'Gore Habba:' Festival celebrated with cow dung playfights

02:15 PM Nov 16, 2020 | Team Udayavani |
Chamrajanagar: The festival of lights Deepavali is celebrated in many different forms along with the traditional lighting of lamps and bursting of firecrackers. One such special form of celebration is the 'Gore Habba' celebrated across the State border here at Gumatapura village in Tamil Nadu. This unique festival celebration includes throwing cow dung on each other and is being practised in the mostly Kannada-speakers village for generations. This celebration is held on the next day of the Deepavali Balipadyami. Men of the village stand on a mound of the cow dung, throwing the dung on each other. This year the Gore Habba will be held on Tuesday, November 17. The festival celebrations begin in the afternoon. After performing pooja at the village's Karapappa Temple, two villagers dressed as 'Kondakkar' are brought on donkeys in a procession to the dung-heaped area. Kondakkar, wearing an artificial beard and moustache, makes odd signs, gestures and postures.

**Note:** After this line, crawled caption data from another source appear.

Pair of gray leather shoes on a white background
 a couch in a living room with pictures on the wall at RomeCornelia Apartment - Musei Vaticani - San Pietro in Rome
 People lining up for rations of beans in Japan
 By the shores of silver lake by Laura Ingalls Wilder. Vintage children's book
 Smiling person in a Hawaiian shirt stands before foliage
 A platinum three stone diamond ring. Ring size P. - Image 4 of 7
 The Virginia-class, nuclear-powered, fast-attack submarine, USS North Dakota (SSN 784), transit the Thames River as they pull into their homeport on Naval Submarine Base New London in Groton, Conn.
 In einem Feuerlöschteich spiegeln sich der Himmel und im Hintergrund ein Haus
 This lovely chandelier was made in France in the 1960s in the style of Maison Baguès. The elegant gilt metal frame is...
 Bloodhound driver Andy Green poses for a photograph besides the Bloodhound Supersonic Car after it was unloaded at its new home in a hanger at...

Before this, cow dung from each house is brought and heaped near the Bireshwara temple in the village. After performing pooja of the cow dung mound, men wearing only shorts, start playing in and throwing the cow dung.

The playful festival celebration reaches its climax by evening after which the men come to the banks of the village lake, shout profanities at each other and after washing up bring the Gore Habba to an end.

The Gore Habba is unique in that there's no other village in India that has a festival celebration similar to it. This festival celebration at Gumatapura has a legendary background. In the village, hundreds of years ago, a man working in the house of a local Gowda family died. After his death, his sling bag is thrown into a heap of cow dung. Afterwards, the wheel of the family's bullock cart breaks loose while travelling. It is noticed that the wheel had come over the sling bag of the worker and blood is oozing out of a phallic-shaped stone near it. That same night the head of the Gowda family sees a dream where a divine voice informs him that he must build a hut as repentance and must perform the cow dung celebration on the next day after Deepavali. The cow dung playfight festival is said to have started from the following year.